◆ Data for this exercise ◆

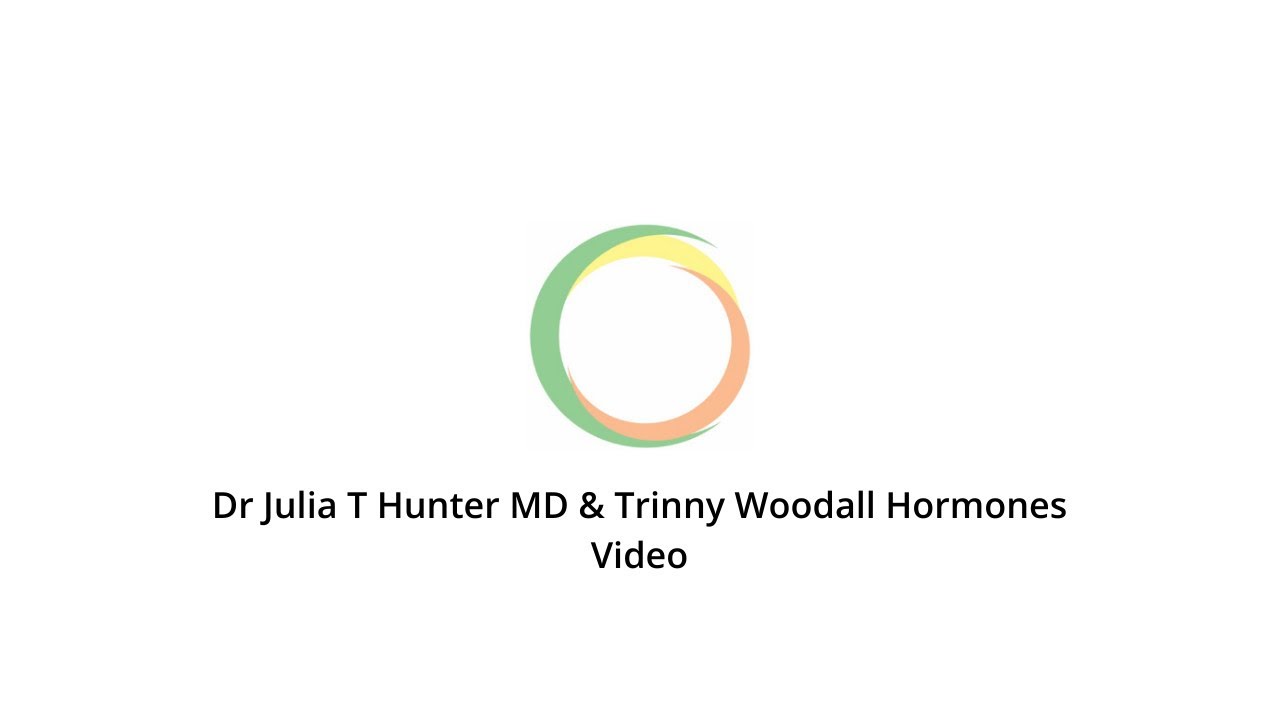 Dr  Julia T  Hunter MD Trinny Woodall, Hormones Video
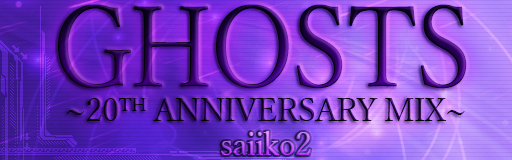 GHOSTS (20th Anniversary Mix)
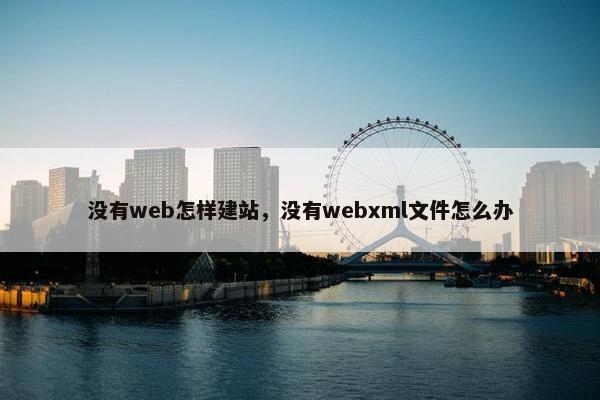 没有web怎样建站，没有webxml文件怎么办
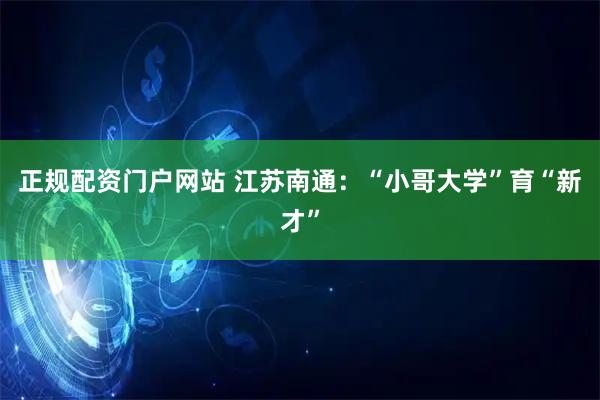 正规配资门户网站 江苏南通：“小哥大学”育“新才”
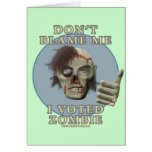 Don't Blame Me, I Voted Zombie Greeting Card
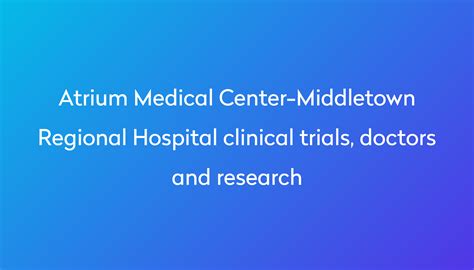 View Atrium Medical Center-Middletown Regional Hospital clinical trials, doctors and research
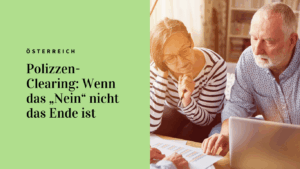 Polizzen-Clearing - Wenn das Nein nicht das Ende ist - Konzeptional GmbH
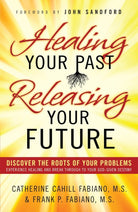 Cover image for Healing Your Past, Releasing Your Future, isbn: 9780800796471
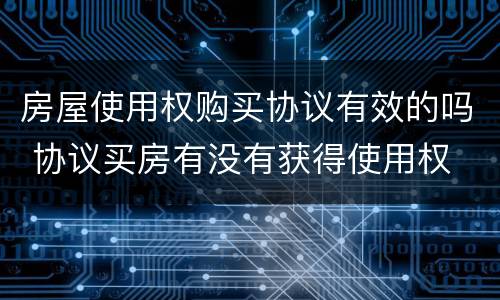 房屋使用权购买协议有效的吗 协议买房有没有获得使用权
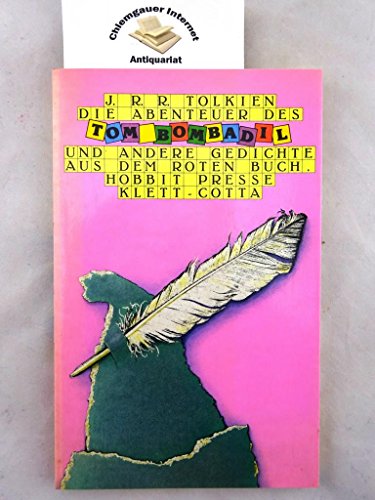 Die Abenteuer des Tom Bombadil und andere Gedichte aus dem Roten Buch. (9783608950090) by Tolkien, John Ronald Reuel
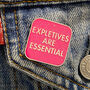Expletives Are Essential Enamel Pin Badge, thumbnail 1 of 2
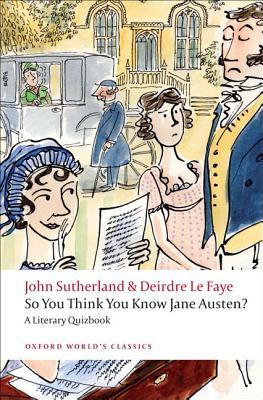 so-you-think-you-know-jane-austen-a-literary-quizbook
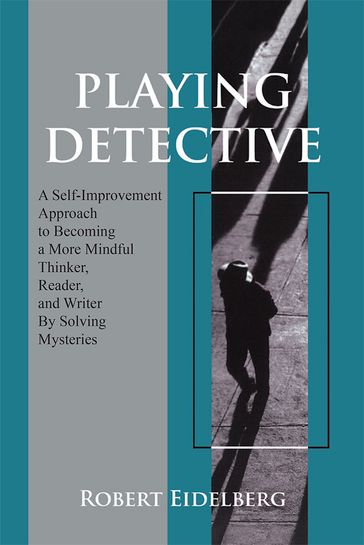 Playing Detective - Robert Eidelberg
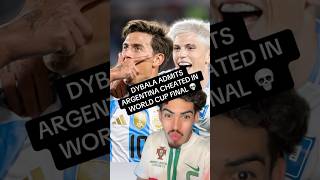 Dybala Admits Argentina Cheated In World Cup Final 🤯 [upl. by Fidelity]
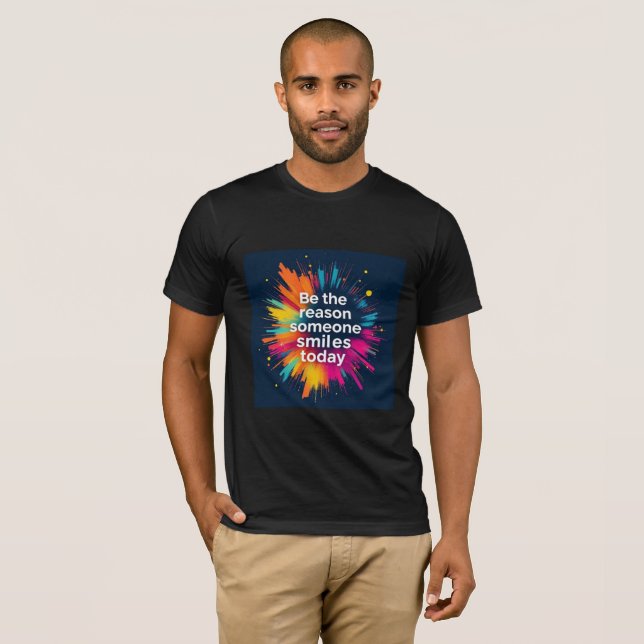 Sei der Grund, warum jemand heute lächelt T-Shirt  (Vorne ganz)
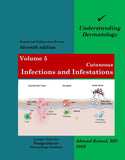 Understanding Dermatology Volume 5: Cutaneous Infections and Infestations, 7e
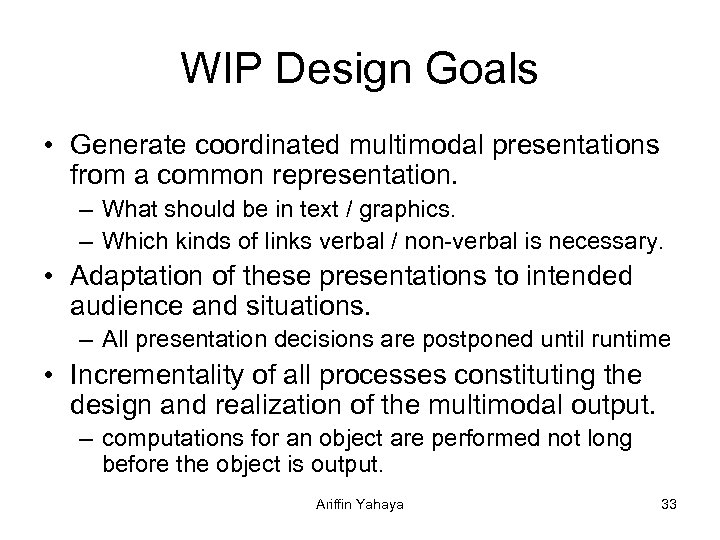 WIP Design Goals • Generate coordinated multimodal presentations from a common representation. – What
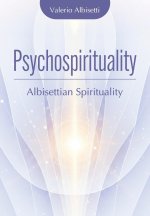 Psychospirituality. Albisetti spirituality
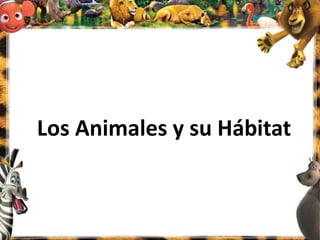 Los Animales y su Hábitat
 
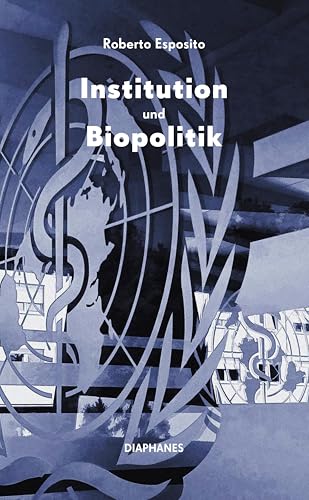 Institution und Biopolitik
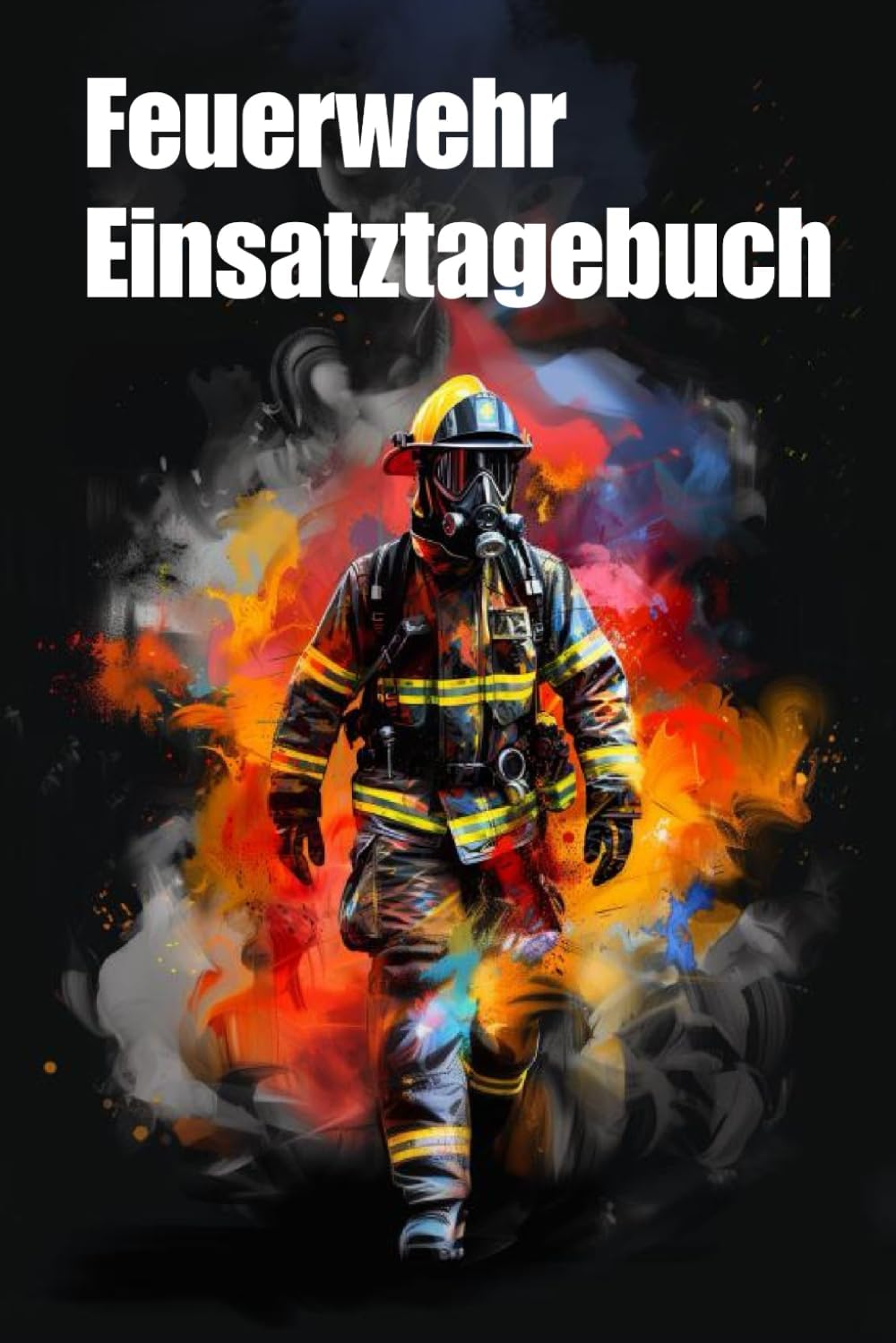 Feuerwehr Einsatztagebuch: Zum erinnern, dokumentieren und analysieren- Vergiss nie mehr einen deiner Einsätze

◆ Task details ◆
What lines above run from the one with "so-you-think-you-know-jane-austen-a-literary-quizbook" to the one with "Institution und Biopolitik"? Give them again exactly, ends included, and leave the pictures out.

◆ Answer to this exercise ◆
 so-you-think-you-know-jane-austen-a-literary-quizbook
 Playing Detective - Robert Eidelberg
 Dybala Admits Argentina Cheated In World Cup Final 🤯 [upl. by Fidelity]
 Sei der Grund, warum jemand heute lächelt T-Shirt  (Vorne ganz)
 Understanding Dermatology Volume 5: Cutaneous Infections and Infestations, 7e
 WIP Design Goals • Generate coordinated multimodal presentations from a common representation. – What
 Psychospirituality. Albisetti spirituality
 Los Animales y su Hábitat
 
 Institution und Biopolitik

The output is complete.